There's a problem here. Can you see it?

The soft rays of the sun shone through the canopy of the forest. The air was filled with the sounds of buzzing insects a rustling leaves. Apart from the sounds of nature the soft creak of wood could be heard by the lone unicorn pulling his cart. The feel of soft dirt on his hooves and the smell of spring in the air called Pepperjack’s nerves.

The blissful sounds of Whitetail woods always filled him with a sense of euphoria. It was almost like he wasn’t pulling a heavy cart filled with precious spices. Spices his family had spent the last year growing and drying, grinding and mixing, and preparing for the coming year. It was almost like he wasn’t pulling a cart with his family’s livelihood.

Please look again...

Really? You don't see it? Apart from the slight spelling and grammar errors I thought it would be obvious but I guess not. Your descriptions suffer from "toomuchitis". It's not as well known as the dreaded professis purpureus better known as "purple prose" but it's edging up there. In short, you've got too much happening. I know what it is you're trying to do in building the world and telling us what is happening but you're going a little overboard in your descriptions.

Also, it's not necessary to tell us every single thing that happens to said pony as he makes his way with his cart full of precious spices.

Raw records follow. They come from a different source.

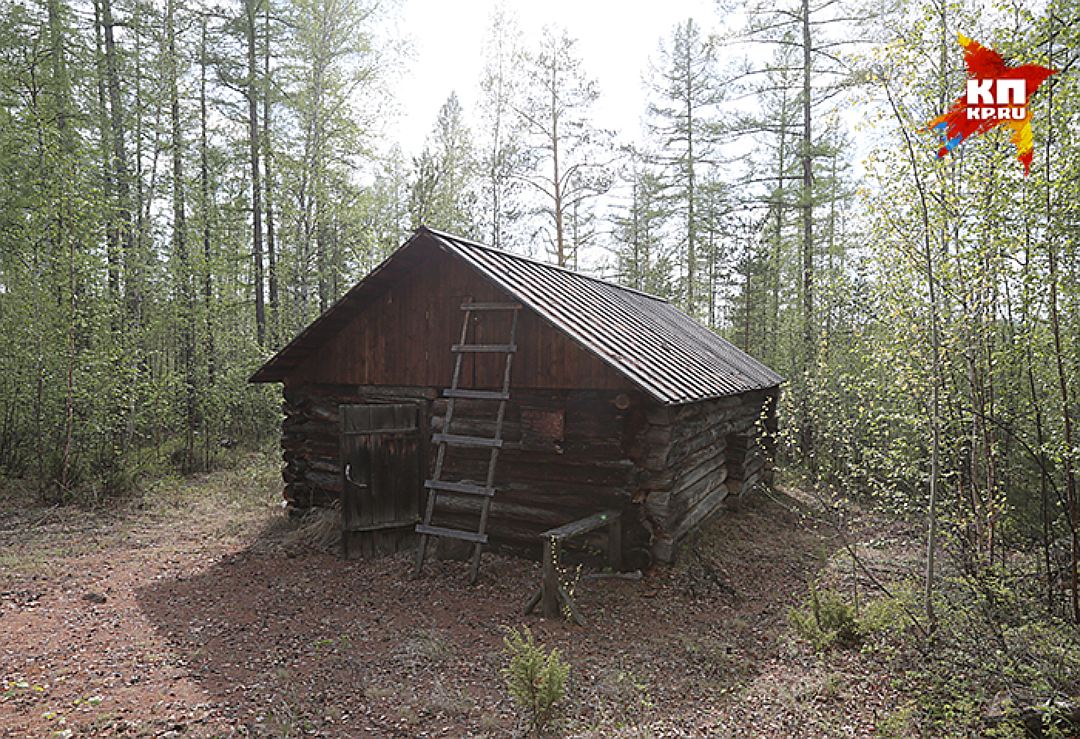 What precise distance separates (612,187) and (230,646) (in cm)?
1739

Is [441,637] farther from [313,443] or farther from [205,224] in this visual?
[205,224]

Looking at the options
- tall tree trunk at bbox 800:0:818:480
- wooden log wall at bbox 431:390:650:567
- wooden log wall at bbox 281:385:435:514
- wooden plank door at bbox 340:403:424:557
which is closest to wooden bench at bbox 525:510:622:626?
wooden log wall at bbox 431:390:650:567

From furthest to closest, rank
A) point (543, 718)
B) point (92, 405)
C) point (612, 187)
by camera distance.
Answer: point (612, 187)
point (92, 405)
point (543, 718)

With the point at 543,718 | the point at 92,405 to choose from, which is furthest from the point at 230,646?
the point at 92,405

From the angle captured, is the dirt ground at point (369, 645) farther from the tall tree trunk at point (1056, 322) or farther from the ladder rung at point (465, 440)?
the tall tree trunk at point (1056, 322)

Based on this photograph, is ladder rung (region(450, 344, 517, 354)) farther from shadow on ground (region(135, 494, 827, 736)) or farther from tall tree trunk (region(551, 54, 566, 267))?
tall tree trunk (region(551, 54, 566, 267))

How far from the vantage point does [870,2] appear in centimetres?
1479

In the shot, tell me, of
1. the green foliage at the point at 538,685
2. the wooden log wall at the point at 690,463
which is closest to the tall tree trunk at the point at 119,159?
the wooden log wall at the point at 690,463

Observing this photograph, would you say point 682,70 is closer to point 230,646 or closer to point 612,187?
point 612,187

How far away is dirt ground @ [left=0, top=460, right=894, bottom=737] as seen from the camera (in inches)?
181

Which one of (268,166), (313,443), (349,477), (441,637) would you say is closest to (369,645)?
(441,637)

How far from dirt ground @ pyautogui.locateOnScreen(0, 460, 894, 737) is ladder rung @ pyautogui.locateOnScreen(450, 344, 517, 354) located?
2834mm

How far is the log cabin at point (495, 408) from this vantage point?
737 cm

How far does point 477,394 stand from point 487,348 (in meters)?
0.63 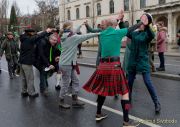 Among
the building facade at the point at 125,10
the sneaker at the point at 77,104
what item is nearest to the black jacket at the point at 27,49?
the sneaker at the point at 77,104

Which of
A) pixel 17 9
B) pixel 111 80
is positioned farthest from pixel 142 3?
pixel 17 9

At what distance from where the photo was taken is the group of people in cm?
573

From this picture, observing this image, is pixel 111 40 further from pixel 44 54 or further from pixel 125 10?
pixel 125 10

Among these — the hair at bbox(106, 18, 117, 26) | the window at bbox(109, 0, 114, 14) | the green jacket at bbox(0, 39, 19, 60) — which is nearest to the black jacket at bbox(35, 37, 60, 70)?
the hair at bbox(106, 18, 117, 26)

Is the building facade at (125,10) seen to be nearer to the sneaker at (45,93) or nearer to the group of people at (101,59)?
the sneaker at (45,93)

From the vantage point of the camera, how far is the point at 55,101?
26.4ft

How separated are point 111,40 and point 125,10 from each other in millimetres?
45372

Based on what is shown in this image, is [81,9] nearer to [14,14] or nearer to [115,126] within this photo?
[14,14]

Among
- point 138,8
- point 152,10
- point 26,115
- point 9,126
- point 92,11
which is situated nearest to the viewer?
point 9,126

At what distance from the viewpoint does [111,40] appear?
18.7ft

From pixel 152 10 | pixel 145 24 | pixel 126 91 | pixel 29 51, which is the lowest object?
pixel 126 91

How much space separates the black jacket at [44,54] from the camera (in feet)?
28.7

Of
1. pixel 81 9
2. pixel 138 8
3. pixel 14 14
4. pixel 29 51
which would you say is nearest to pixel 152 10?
pixel 138 8

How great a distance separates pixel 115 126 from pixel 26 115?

Is it necessary to describe the blanket he ate on? Or the fact that it was apples, spiced bread and peach jam that he ate? Do any of these things add to the story and would the story be diminished in any way if you took them out? The answer is of course no.

Honestly, I'd like to see where this goes. Compared to other stories, your grammar is actually okay. (I've seen bad grammar with more likes. :pinkiesick:) I'd suggest you get a proofreader and an editor. Several bits are a little confusing to read, and I'm often 'blank' on what's going on. (You've got too much happening). Perhaps think about elevating the atmosphere and suspense.

Pretty good, though. :moustache:

4999097 Where should I go to get one.(proofreader and editor) and yes I do tend to babble I just don't want to rush my story. I just haven't found that balance between detail and content yet.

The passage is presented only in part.